Source material

======

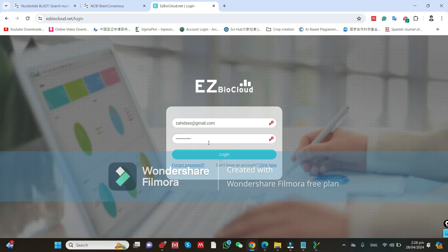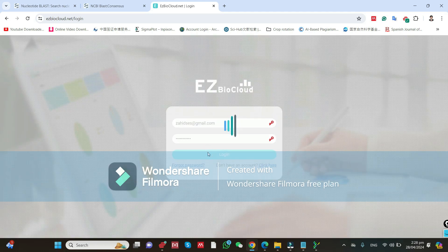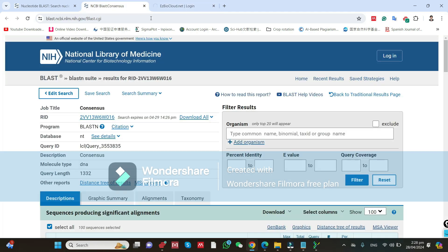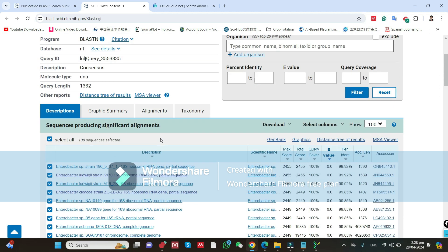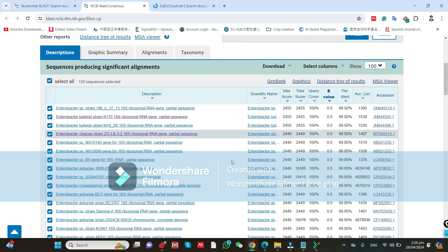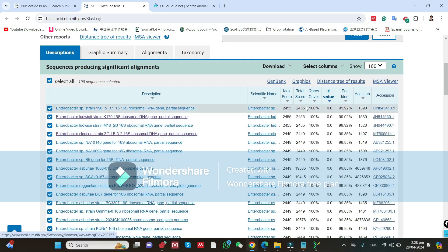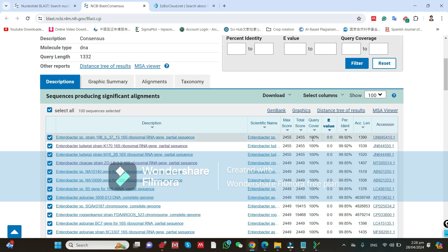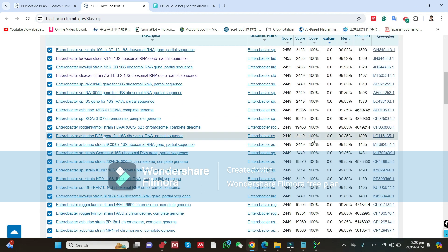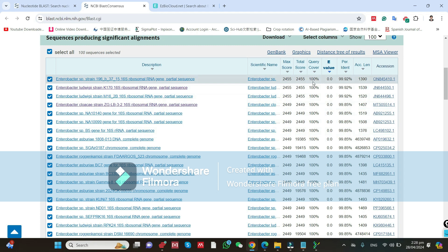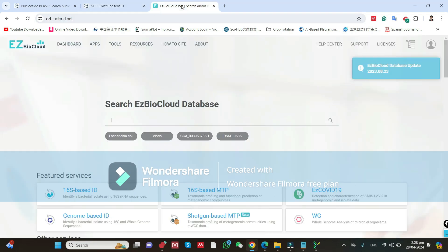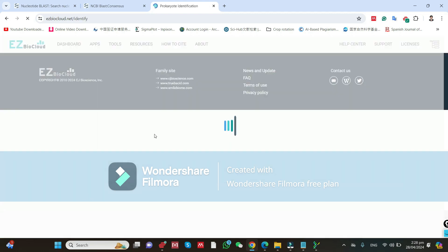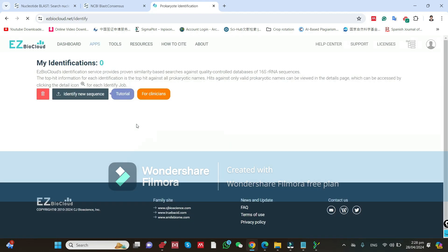Enter your username and password and log in. In NCBI, you can see the BLAST results, but all these queries show 100 percent similarity, which makes it difficult to select which strain it could be. So, I mostly use EasyBioCloud — go to '16S-based ID' and click it.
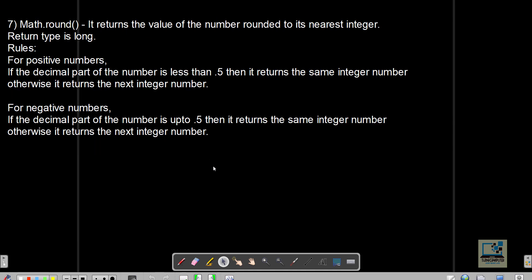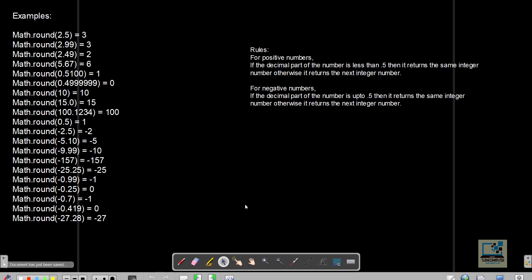Math.round is important and has a somewhat complex rule. It returns the value rounded to the nearest integer, but does not follow the number line — the return type is always long. For positive numbers: if the decimal part is less than 0.5, it returns the same integer; if 0.5 or higher, it returns the next integer. For negative numbers: if the decimal part is up to 0.5, it returns the same integer; if higher than 0.5, it returns the next integer.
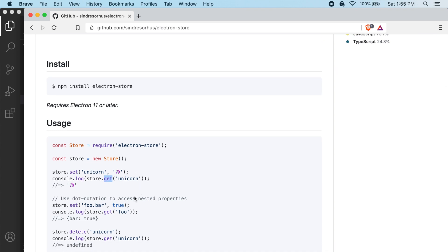And if you look below that, you can see that we can use dot notation to actually create nested properties as well. So let's try that out.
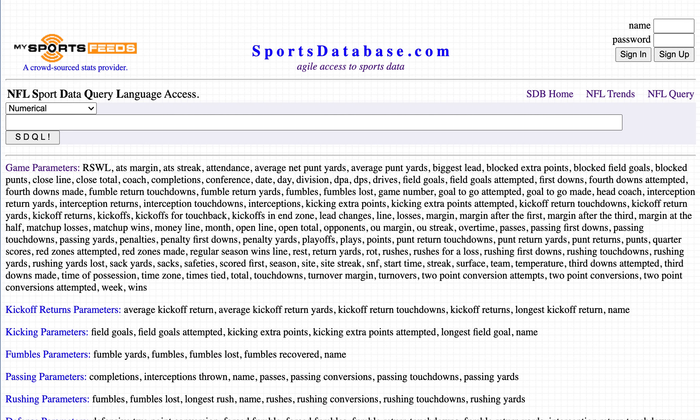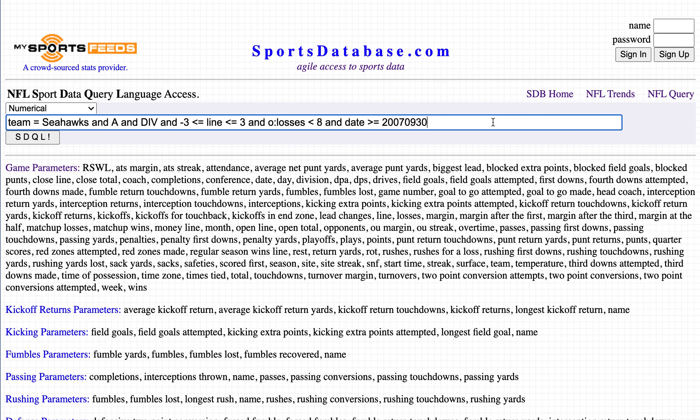This is the sportsdatabase.com NFL SDQL query page. On Wednesday, this is your over/under query of the week for week 10 of the 2020 season.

======

Activity
Will you repeat the material above, but only from the line containing "And if you look" through its last line, exactly and without the pictures?

Worked solution
And if you look below that, you can see that we can use dot notation to actually create nested properties as well. So let's try that out.
This is the sportsdatabase.com NFL SDQL query page. On Wednesday, this is your over/under query of the week for week 10 of the 2020 season.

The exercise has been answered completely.